* _TO DO_
Produce a word-for-word copy of the lines from the one that contains "KS license plate 007DEB" to the final line of the data below, with all pictures dropped.

----------

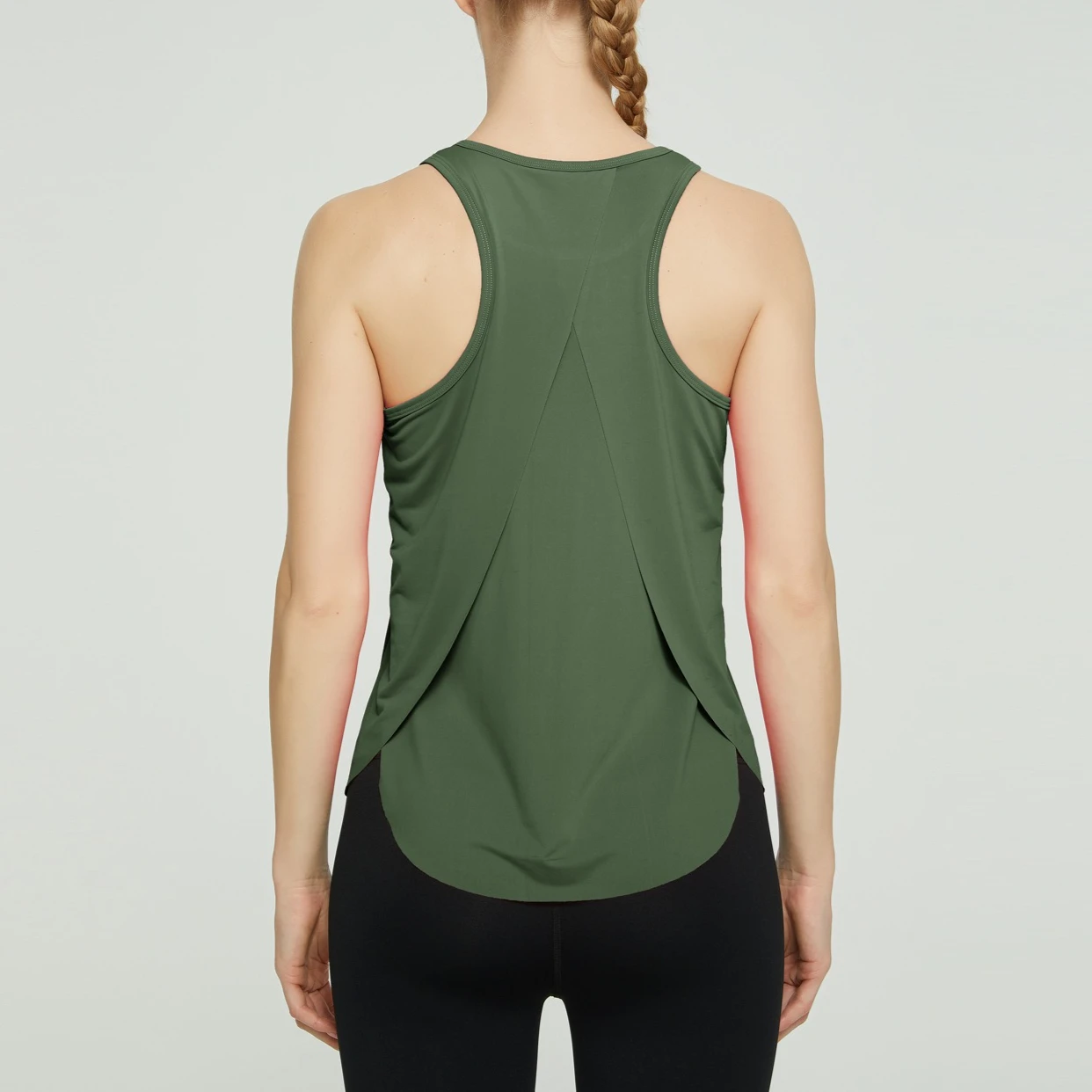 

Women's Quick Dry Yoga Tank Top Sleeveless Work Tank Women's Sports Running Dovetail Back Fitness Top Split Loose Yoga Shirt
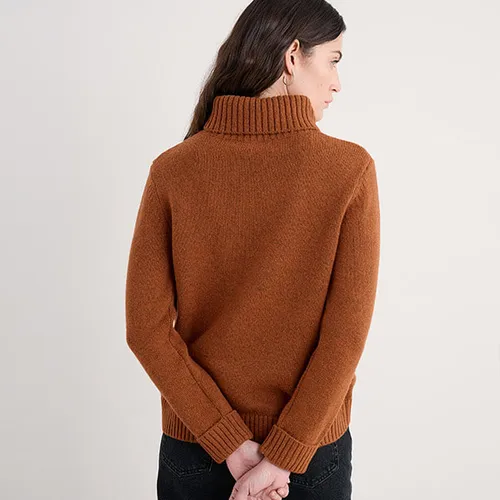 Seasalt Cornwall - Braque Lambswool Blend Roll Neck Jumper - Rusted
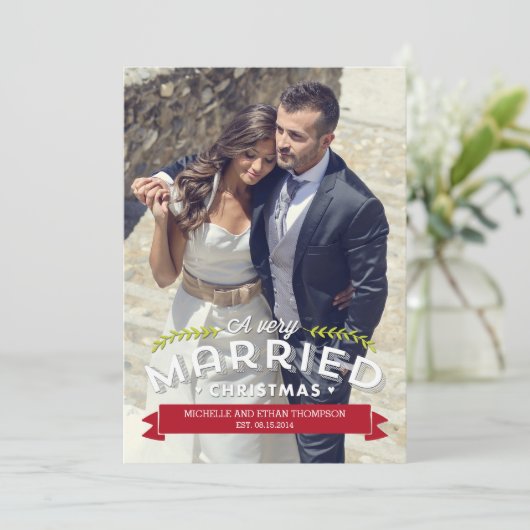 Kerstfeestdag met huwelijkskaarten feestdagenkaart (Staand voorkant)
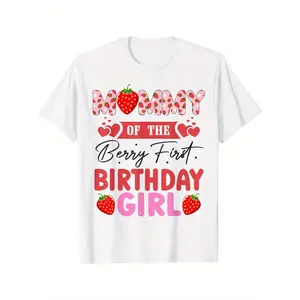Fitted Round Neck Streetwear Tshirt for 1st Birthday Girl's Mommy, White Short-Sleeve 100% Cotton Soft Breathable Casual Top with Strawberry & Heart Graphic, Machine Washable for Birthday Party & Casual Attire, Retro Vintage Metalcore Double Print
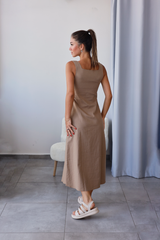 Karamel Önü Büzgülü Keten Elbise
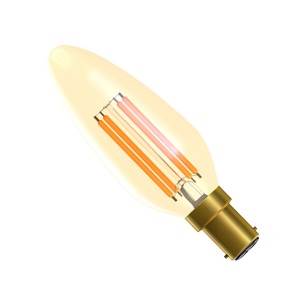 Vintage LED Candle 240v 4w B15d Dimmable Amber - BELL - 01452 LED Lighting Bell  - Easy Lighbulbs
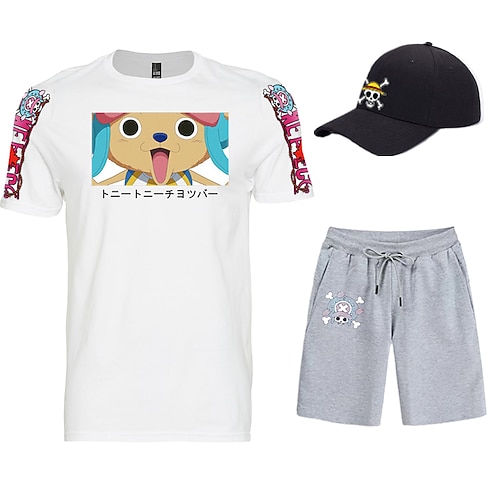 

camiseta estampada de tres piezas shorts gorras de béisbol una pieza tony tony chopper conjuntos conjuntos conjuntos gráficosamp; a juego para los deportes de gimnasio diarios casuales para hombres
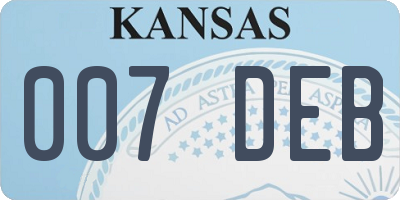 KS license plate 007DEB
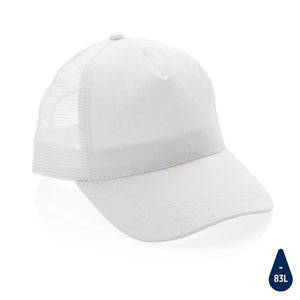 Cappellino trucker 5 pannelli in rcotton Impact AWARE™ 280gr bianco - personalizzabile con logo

----------

* _RESULT OF THE TASK_
 KS license plate 007DEB
 Cappellino trucker 5 pannelli in rcotton Impact AWARE™ 280gr bianco - personalizzabile con logo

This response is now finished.